EFI Annual Bonus: Starting in 2019 and continuing while Executive is employed with the Company, Executive’s annual target bonus opportunity for purposes of the management bonus program referenced in Section 4 of this Agreement is 130% of base salary (i.e., $806,000 if his base salary is $620,000), with any actual bonus based on the Company’s achievement of financial performance targets determined by the Compensation Committee of the Company’s Board of Directors (the “Compensation Committee”) at the time that the Compensation Committee approves the annual executive bonus program and subject to the terms and conditions of that program as it is established by the Compensation Committee for the applicable year.

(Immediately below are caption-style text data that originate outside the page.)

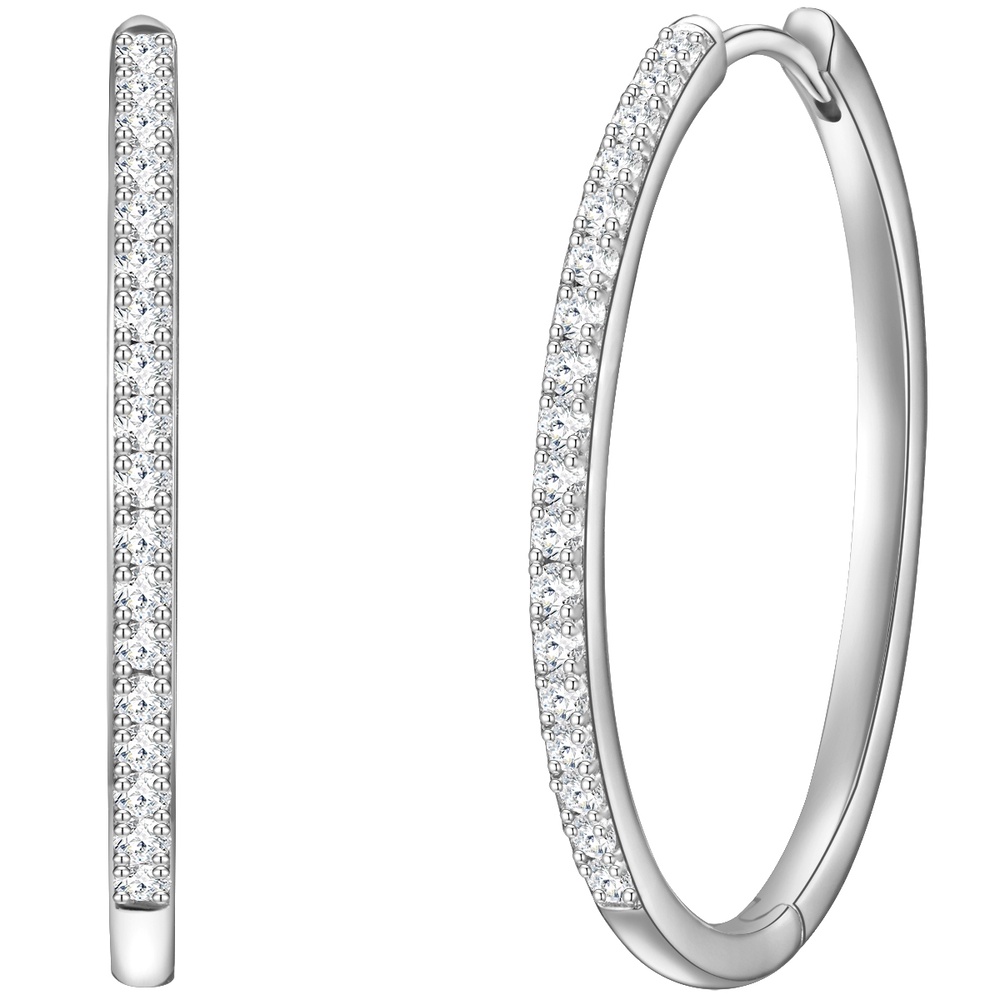 Glanzstücke München Créoles en argent Argent sterling Oxyde de zirconium (CZ) en Argent Boucles d'oreilles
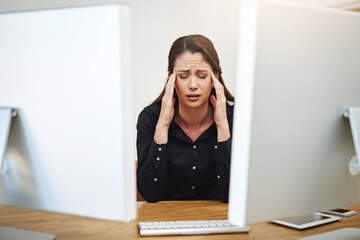 Business woman, computer and stress or headache in office for debt, finance or investment news of stock market crash. Trader, analyst or accountant in pain, migraine or anxiety for company budget cut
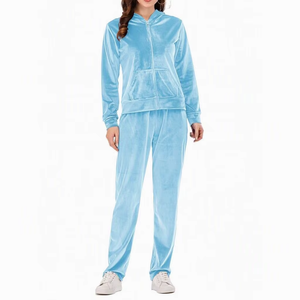 Conjunto Deportivo de Dos Piezas Unisex de Terciopelo Estampado para Invierno, Chaqueta con Capucha y Pantalones Jogger, Suave, 100% Algodón, Transpirable y Cómodo - Product Image 2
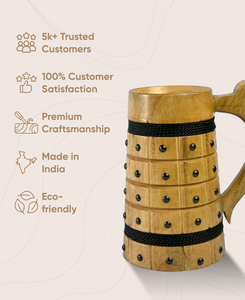 Handmade Polished Natural Viking Drinking Horn Mug Personalized Burl Wood Eco-Friendly Hand-Carved Modern Custom CE Certified - Product Image 3
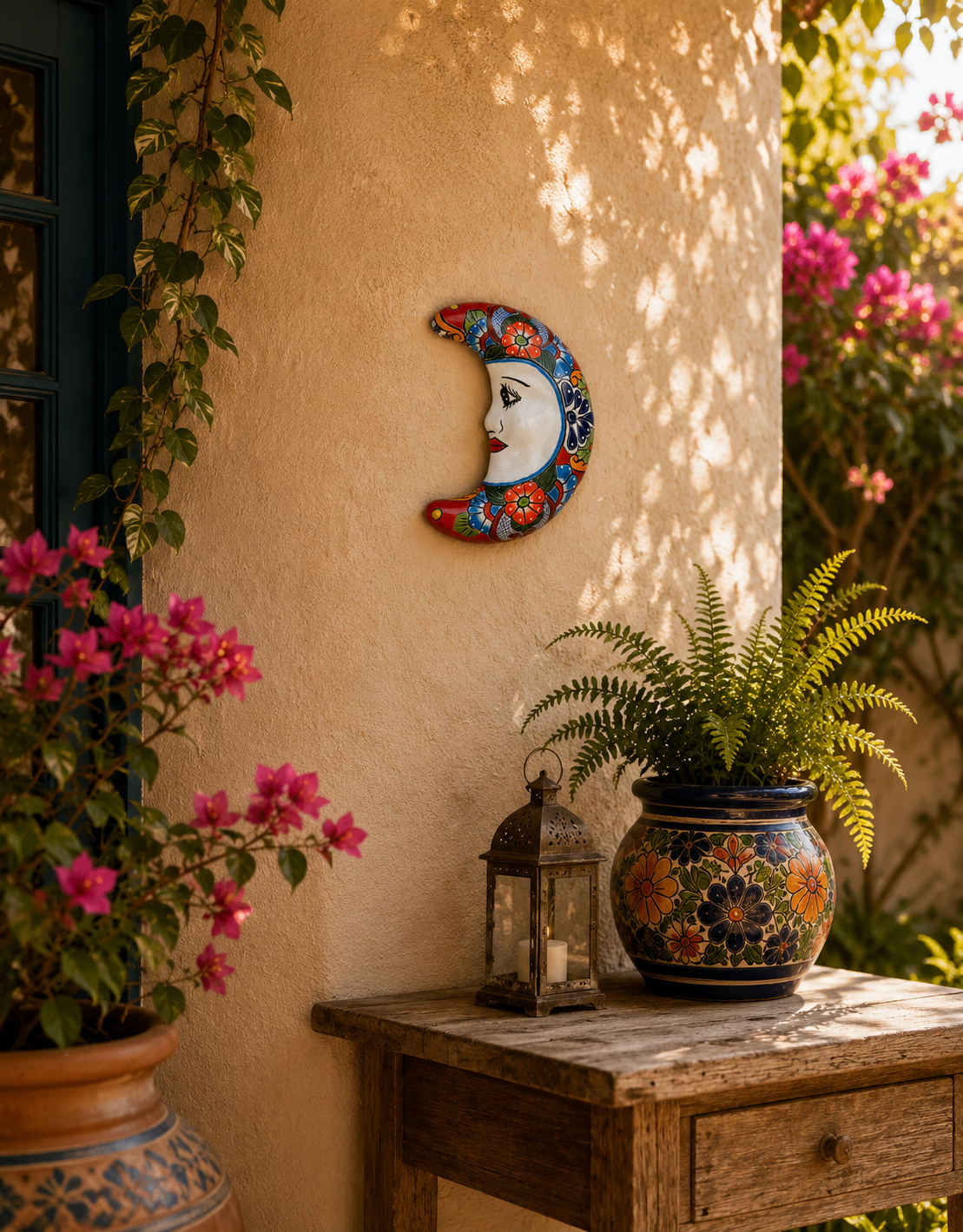 Red Talavera Moon Wall Décor – Mexican Folk Art Accent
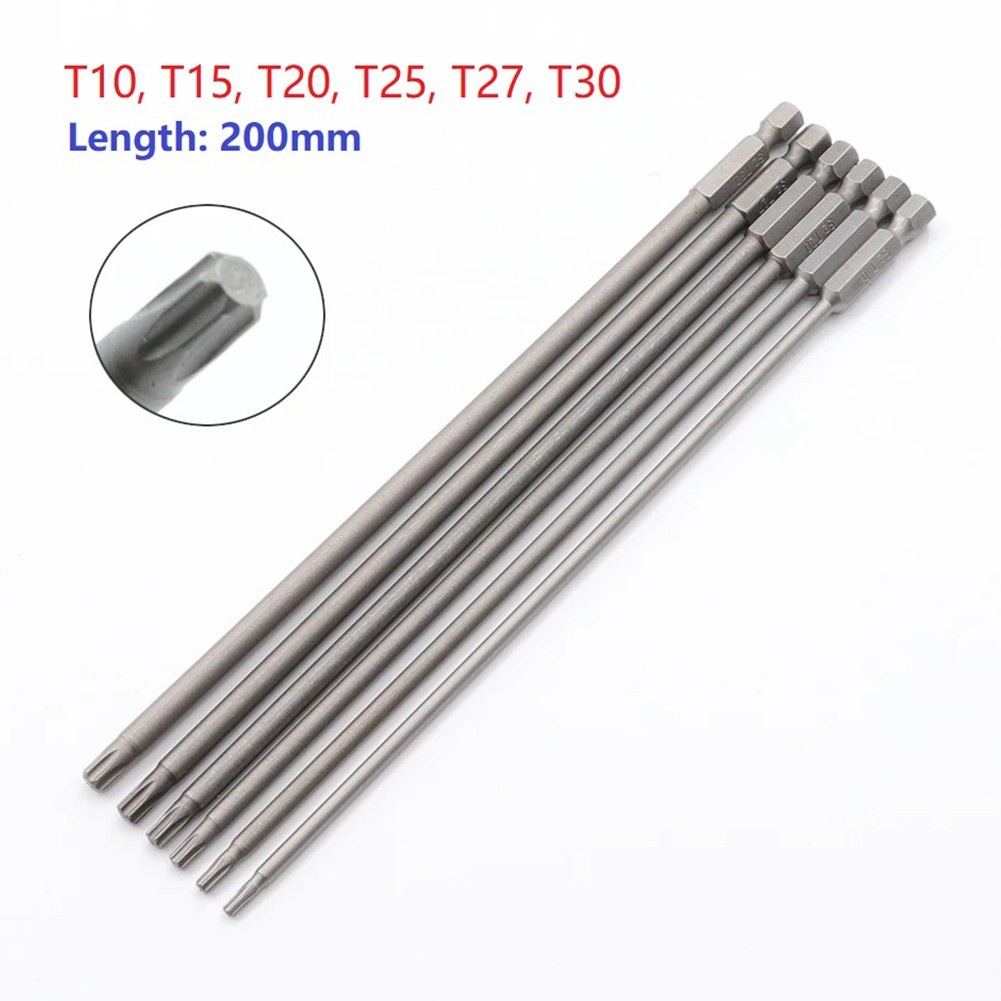 1/6pc 200mm Chave De Fenda Torx Magnética Bit Liga Aço T10 T15 T20 T25 T27 T30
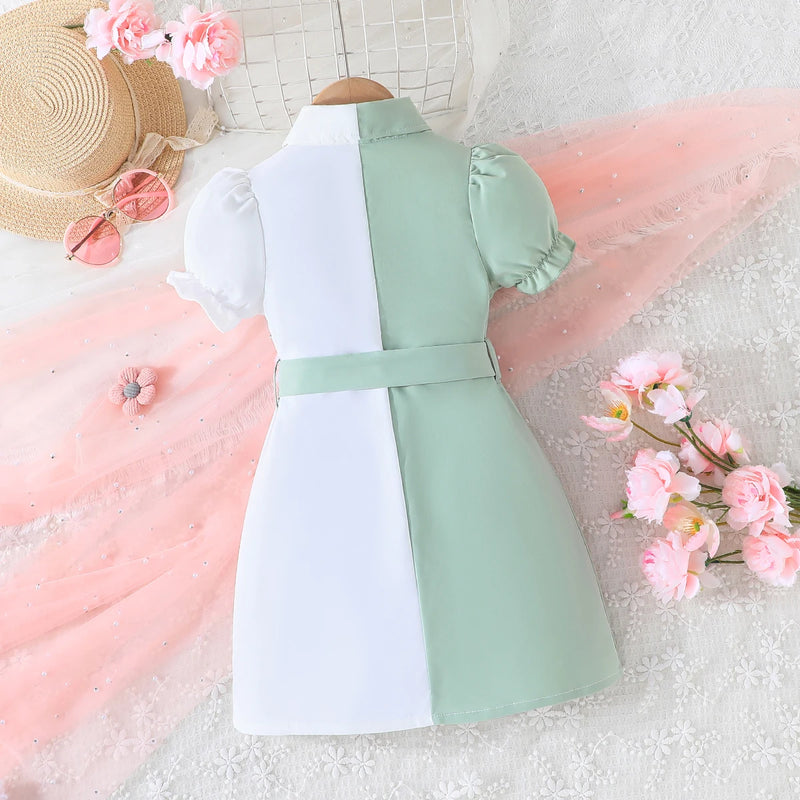 Vestido Princesa Infantil 4-7 Anos - Manga Curta, Estilo Formal com Cinto e Botões - Perfeito para Aniversários e casamentos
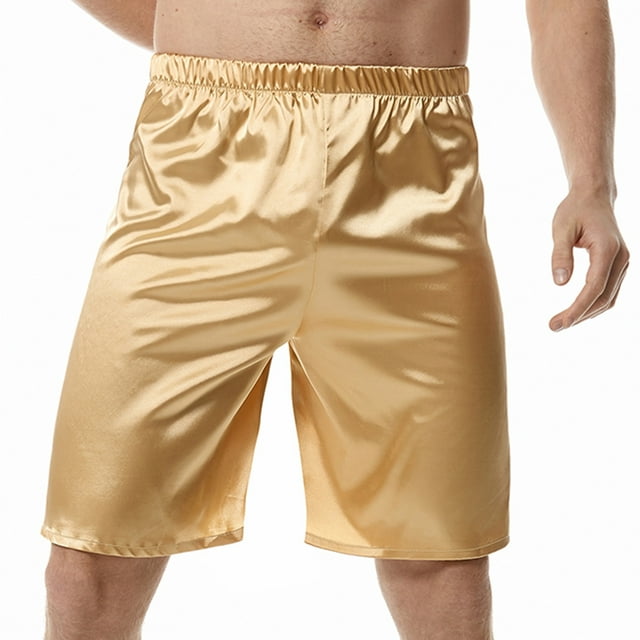 XFLWAM Mens Satin Shorts Sleepwear Satin Pajama Bottom Underwear Silk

Historically, there has also been an opportunity to earn up to two times the amount the bonus target (i.e., a total of 260% of Executive’s annual salary or $1,612,000) as part of the Company’s Accelerator Bonus Program, if the Company significantly overachieves the annual financial performance targets. The determination is made annually by the Compensation Committee whether to provide this opportunity to program participants.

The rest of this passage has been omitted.